El Cid es ya para el mundo del espíritu el héroe que encarna, como protagonista poético, el prototipo del ideal caballeresco, según se concibió en la Edad Media; y así como Aquiles fue el héroe de Grecia, y para Francia es símbolo heroico el esforzado Roldán, para España es el Cid la encarnación de su héroe nacional, en quien se concretan todas las virtudes y hasta todos los defectos de su raza, y no ciertamente por la grandeza fabulosa de los hechos realizados —los hay en nuestra historia de mayores dimensiones—, sino por «el temple moral del héroe, en quien se juntan los más nobles atributos del alma castellana; la gravedad en los propósitos y en los discursos, la familiar y noble llaneza, la cortesía ingenua y reposada, la grandeza sin énfasis, la imaginación más sólida que brillante, la piedad más activa que contemplativa, la ternura conyugal más honda que expresiva, la lealtad al monarca y la entereza para querellarse de sus desafueros»; por aquel realismo sencillo y puro de sus acciones heroicas y humanas, en las que se van reflejando todas las virtudes caballerescas que constituyen el genio moral y poético de la raza hispana, que, sobrepasando las realidades históricas, perfilan el tipo de un heroísmo colectivo que, sin despojarlo de su valor individual, le dan aquella personalidad, aquella existencia luminosa y genial que lo convierte en símbolo representativo, en figura mítica de toda una literatura. El Cid se transforma en «el Aquiles de nuestra patria —como dice Menéndez Pidal—; su historia es nuestra Ilíada, nuestra epopeya; no tenemos otra; y esta epopeya, como todas las verdaderas epopeyas, no es la creación de un poeta ni de un historiador, es la creación de un pueblo», que ve y admira en el Campeador a su héroe epónimo.
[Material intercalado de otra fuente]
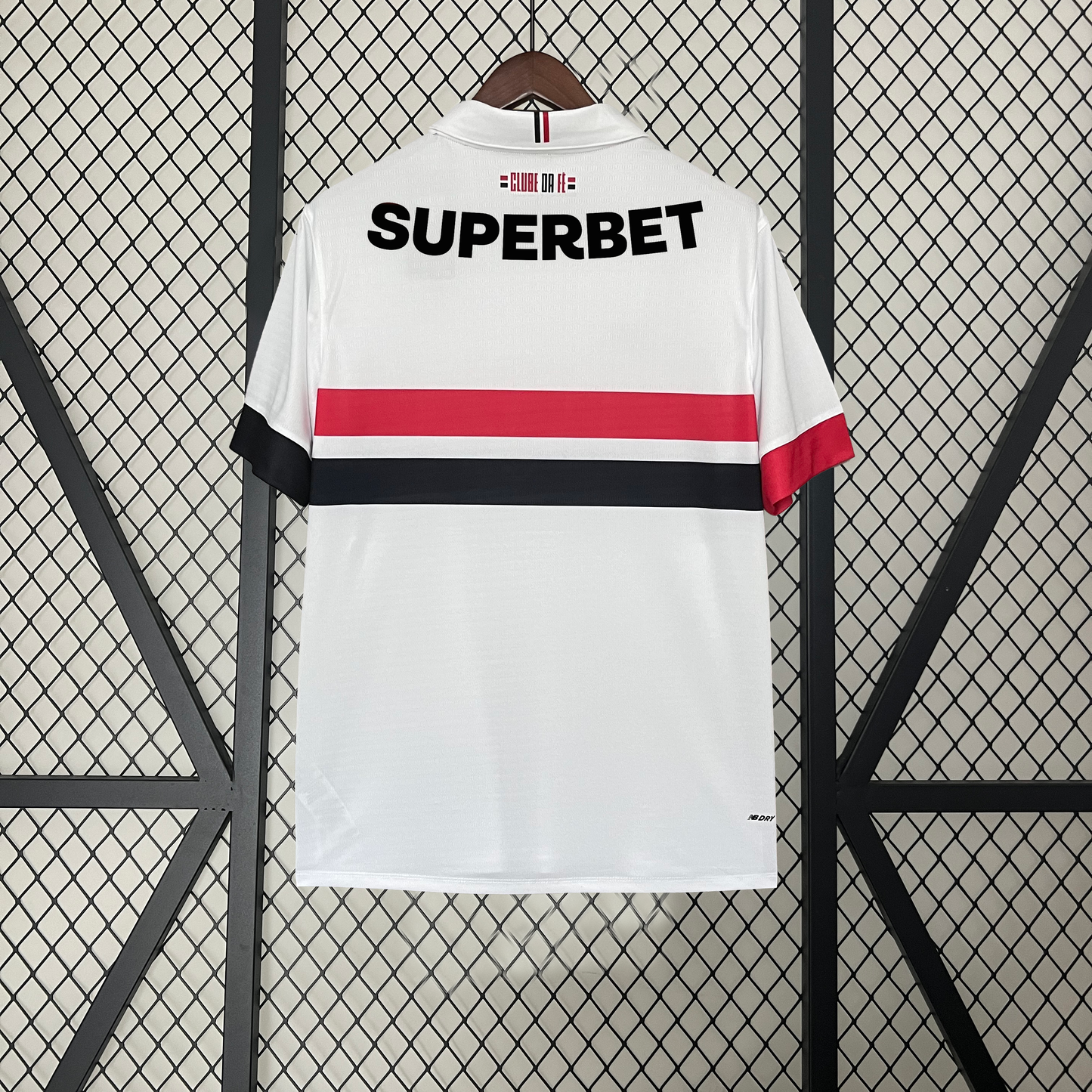 Camisa São Paulo Titular 24/25 - Torcedor Masculina Lançamento + Patrocínios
Por encima de lo que han dicho sus historiadores contemporáneos —tanto cristianos maravillados como árabes atemorizados—, y por encima de lo que nos cuenten los cronicones medievales y, modernamente, juzgue la crítica histórica, desde sus más contradictorios puntos de vista, pasando de un irreflexivo propósito de canonizarlo a una obstinada negación histórica, la figura egregia del Cid no podrá ser jamás ni la de un santo ni tampoco la de un forajido, ya que ni lo uno ni lo otro podría ser el protagonista de la epopeya genial de un pueblo.
El Campeador, transformado en héroe, se elevará para siempre, magnífico, y, como en la guerra, invulnerable a las pasiones partidistas, en las alas eternas de la poesía, desde que apareció en los versos rudos y balbucientes del Cantar de mío Cid, para atravesar, a lo largo de toda la Edad Media, en sus etapas históricas, como héroe de nuestra épica, y convertirse, después, en el personaje principal del Romancero español, y subir, como protagonista, a los escenarios de nuestro teatro clásico, resucitando, en la centuria siguiente, del perdido manuscrito del cantar —que en ese siglo reaparece—, y recobrar su personalidad con el ardor sentimental del Romanticismo, que lo convierte en héroe de nuestra novelística histórica del siglo XIX. De ella ha de pasar aún, atravesando los nuevos avatares que se suceden en la literatura moderna: al teatro, a la poesía, a la novela y al cine.
En esta persistencia del Cid como héroe literario estriba, sin duda, la demostración más contundente de que es, y ha de ser, eterno este glorioso mito que a la literatura universal entregó la eterna realidad histórica de España.